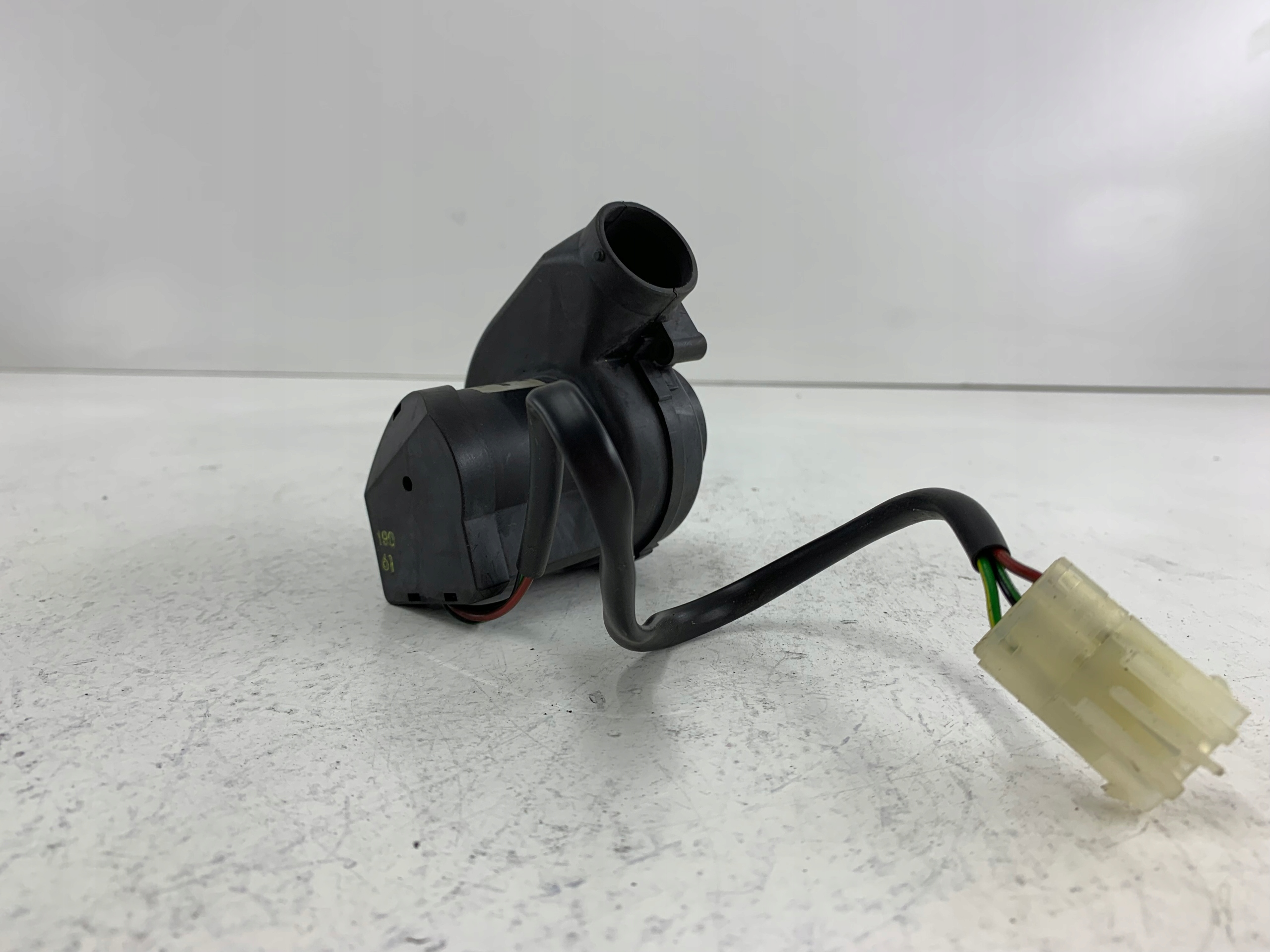 BMW E39 E46 heating of spoiler cover 1745182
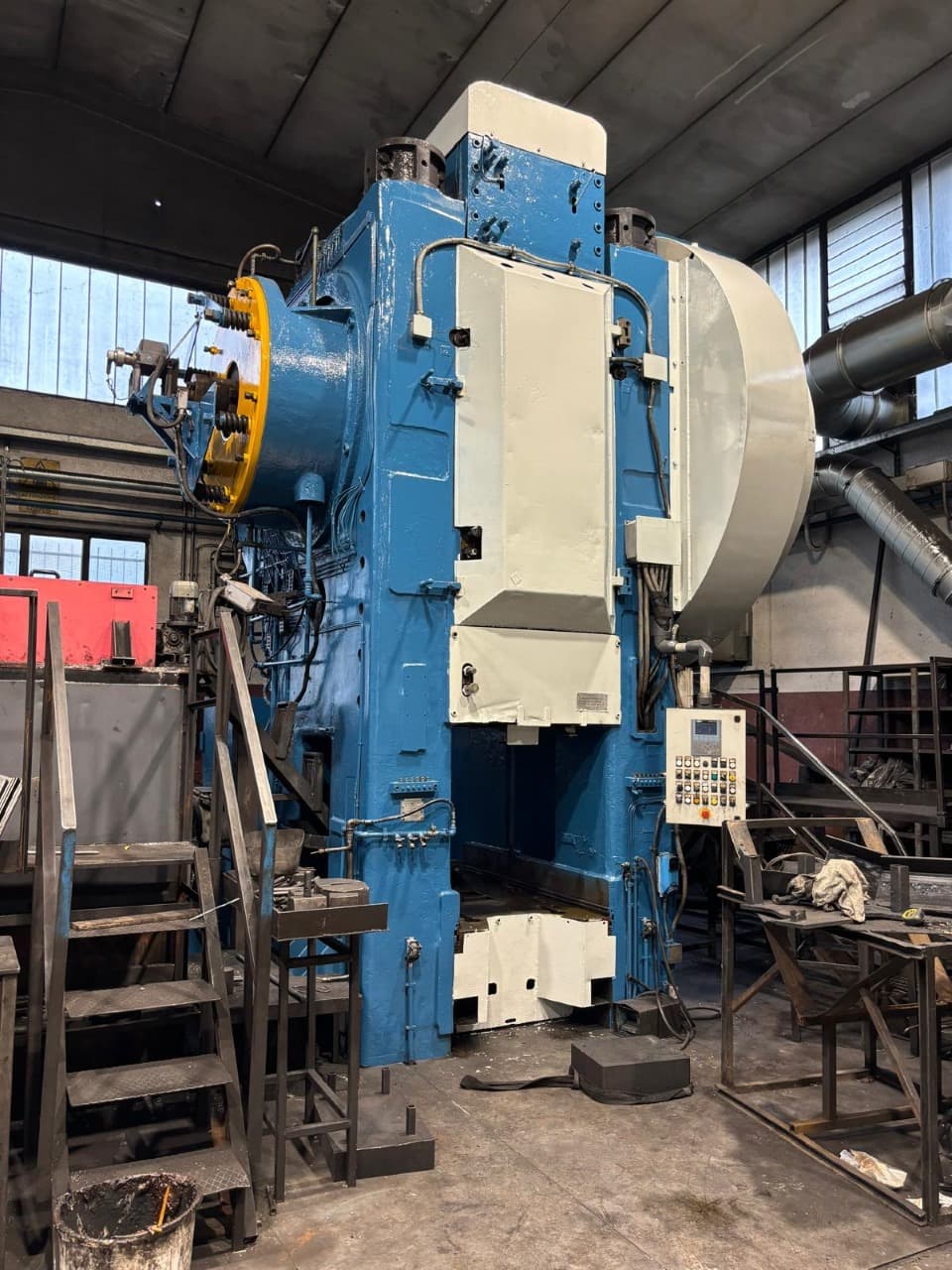 Warmschmiedepresse Eumuco SP 200 - 2000 ton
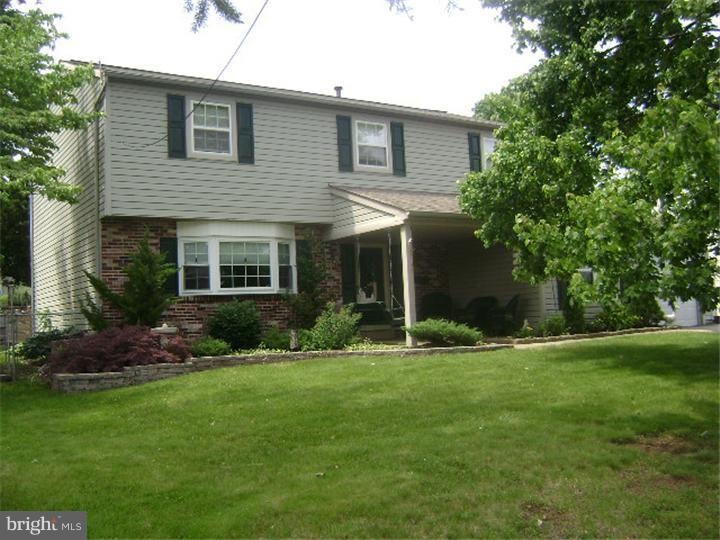 528 Brook Ln, Warminster, PA 18974 - photo 1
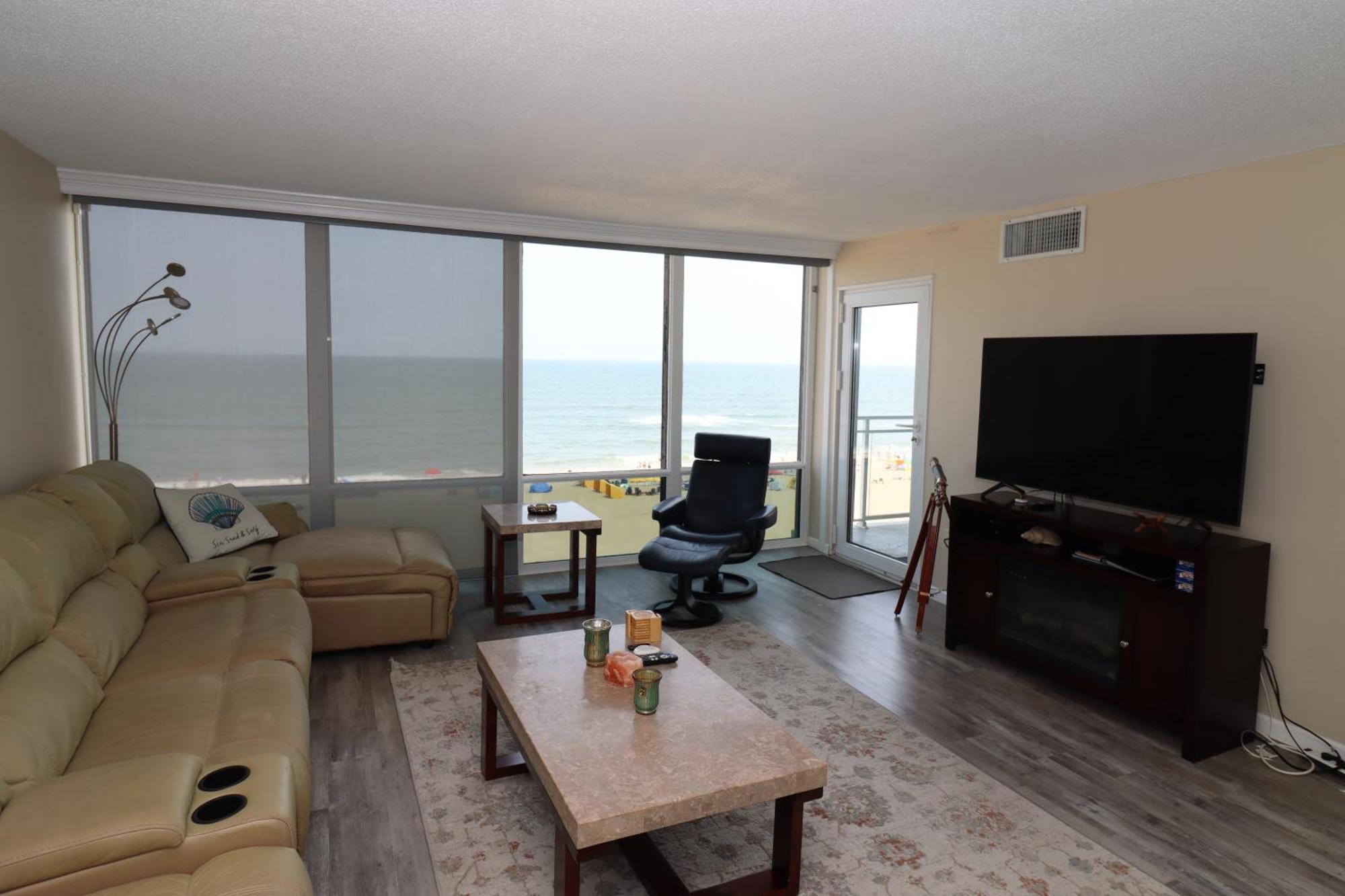 Beach Luxury Oceanfront Virginia Beach Exterior photo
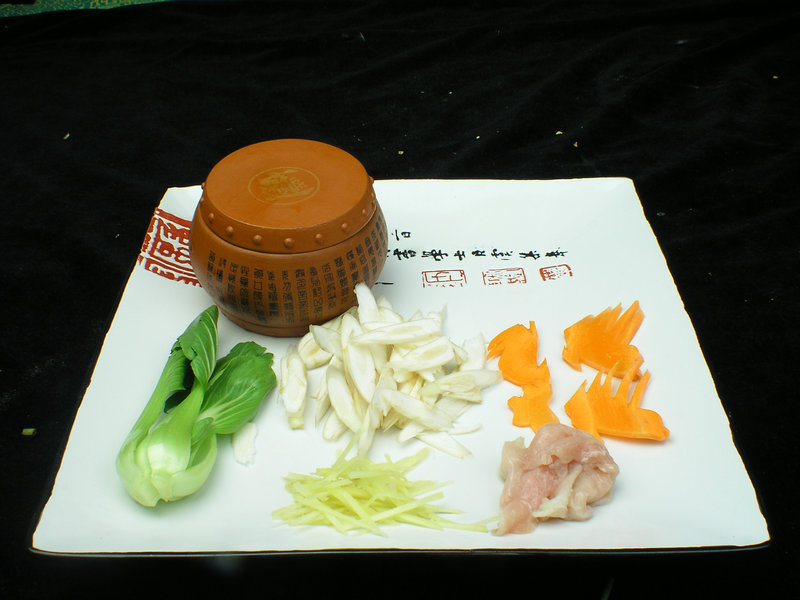 新疆天山雪莲_新疆天山雪莲图片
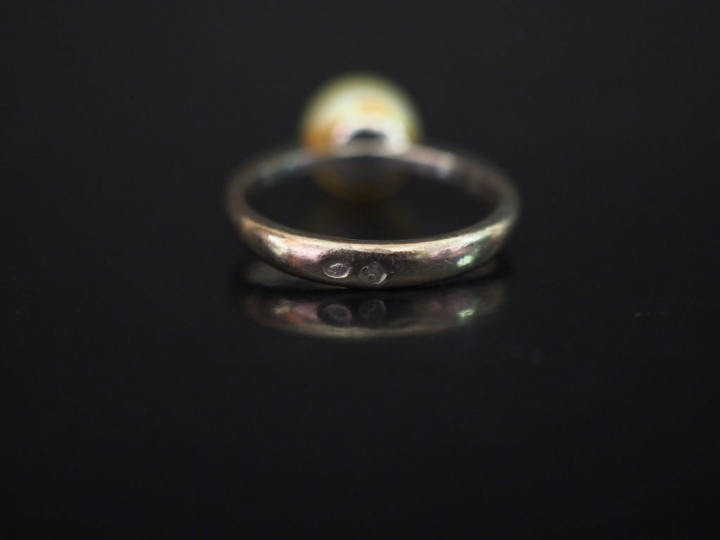 Bague en or blanc sertie en son centre d'une perle blanche. TDD. 50 Po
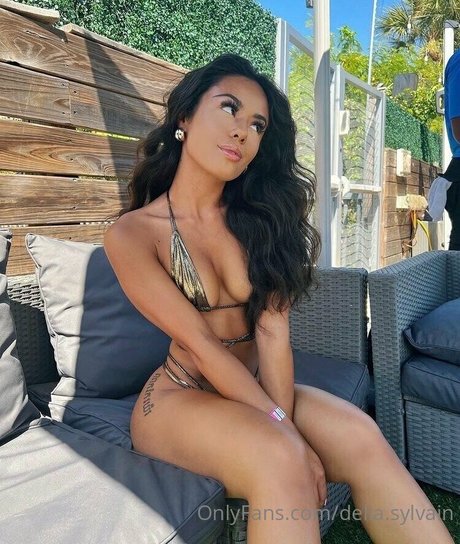 Nagie wyciekłe zdjęcie OnlyFans od Delia Sylvain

○ ○ ○ ○

**Task description:** Excluding any pictures, print exactly the lines of the listing above from the line with "Warmschmiedepresse Eumuco SP 200 - 2000 ton" to the line with "Bague en or", both ends included.

**Result of this task:**
 Warmschmiedepresse Eumuco SP 200 - 2000 ton
 528 Brook Ln, Warminster, PA 18974 - photo 1
 Beach Luxury Oceanfront Virginia Beach Exterior photo
 新疆天山雪莲_新疆天山雪莲图片
 Bague en or blanc sertie en son centre d'une perle blanche. TDD. 50 Po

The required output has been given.